Tulsa County district attorney Steve Kunzweiler. Frontier file

Despite a perhaps more spirited than anticipated election night, Tulsa County District Attorney Steve Kunzweiler held off Democratic challenger Jenny Proehl-Day to win a second term.

Kunzweiler, the Republican candidate who first succeeded his former boss Tim Harris as DA in 2014, jumped out to a slight early lead Tuesday night and slowly built his advantage over Proehl-Day, a former prosecutor who now works in private practice.

It was surprisingly close given that Proehl-Day had little name recognition, is a Democrat, and ran a progressive platform of criminal justice reforms — even recently stating she would not prosecute marijuana offenses if elected. Kunzweiler, who has been a prosecutor for nearly three decades, eventually defeated her by the same margin he won over Republican challenger Ben Fu last summer.

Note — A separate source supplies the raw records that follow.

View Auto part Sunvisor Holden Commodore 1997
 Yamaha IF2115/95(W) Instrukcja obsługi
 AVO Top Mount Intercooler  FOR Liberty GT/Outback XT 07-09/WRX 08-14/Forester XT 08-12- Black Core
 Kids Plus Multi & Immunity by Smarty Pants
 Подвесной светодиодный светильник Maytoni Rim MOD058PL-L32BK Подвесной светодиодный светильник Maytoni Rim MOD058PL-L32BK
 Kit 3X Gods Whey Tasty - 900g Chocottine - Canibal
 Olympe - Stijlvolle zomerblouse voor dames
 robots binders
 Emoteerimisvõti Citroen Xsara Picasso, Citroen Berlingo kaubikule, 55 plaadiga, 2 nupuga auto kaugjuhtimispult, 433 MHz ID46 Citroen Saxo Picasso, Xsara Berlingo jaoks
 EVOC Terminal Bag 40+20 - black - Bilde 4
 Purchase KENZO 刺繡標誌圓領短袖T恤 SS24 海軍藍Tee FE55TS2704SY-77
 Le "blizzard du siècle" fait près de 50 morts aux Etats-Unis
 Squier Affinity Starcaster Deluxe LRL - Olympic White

Fu, like Proehl-Day, ran a progressive platform, though he had a large fundraising advantage over Kunzweiler. Fu also had the endorsement of the local fraternal order of police, who had clashed with Kunzweiler after he charged former Tulsa Police Department officer Betty Shelby in the 2016 death of Terence Crutcher (Shelby was eventually acquitted.)

Though Oklahoma voters have signaled they approve of criminal justice reform — easily passing two reform state questions in 2016 — they have stuck by Kunzweiler this election cycle. Kunzweiler, despite not exactly siding with reforms that voters have favored — and clashing with both Fu and Proehl-Day over various reform-minded topics — has maintained a firm grip on the office since his first election in 2014.

Nevertheless, he has now charged three police officers with shootings — Tulsa County Sheriff’s Office reserve deputy Robert Bates, Shelby and Shannon Kepler (an off-duty officer who shot and killed an unarmed black teen in 2015) — earning convictions on both Bates and Kepler.